Reports have shown that Foreclosures and delinquencies have continued to drop within government-sponsored enterprises such as Fannie Mae and Freddie Mac after second-quarter reviews from the Federal Housing and Finance Agency’s (FHFA) Foreclosure Prevention Report.
Interestingly, third-party sales and foreclosures fell 10% from last quarter and foreclosure starts decreased by 11%. This is the result of many national foreclosure-prevention initiatives.
Since their conservatorship in 2008, Fannie Mae and Freddie Mac have completed 2.9 million foreclosure-prevention actions, which have resulted in 2.4 million borrowers staying in their homes and 1.4 million homeowners receiving permanent loan modifications.

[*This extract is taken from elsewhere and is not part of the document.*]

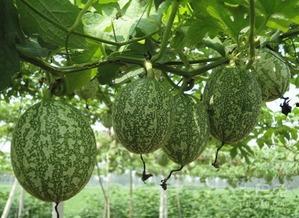 怎么吃吊瓜,解锁吊瓜美味新吃法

Reaching its lowest level since the fall of 2008, the number of loans more than 60 days past due in Q2 2013 has decreased 7% while seriously delinquent loans — those over 90 days past due — fell to 2.8%. In comparison, Federal Housing Administration loans and Veteran Affairs loans only fell to 7.6% and 3.9%, respectively. The national average was 5.9% for all loans.
More than half of distressed homeowners had their monthly payments reduced by more than 30% after receiving loan modifications. A total of 29,400 short sales and deeds-in-lieu were completed, rather than foreclosures in the second quarter as well, which resulted in over 505,700 since the start of conservatorship five years ago.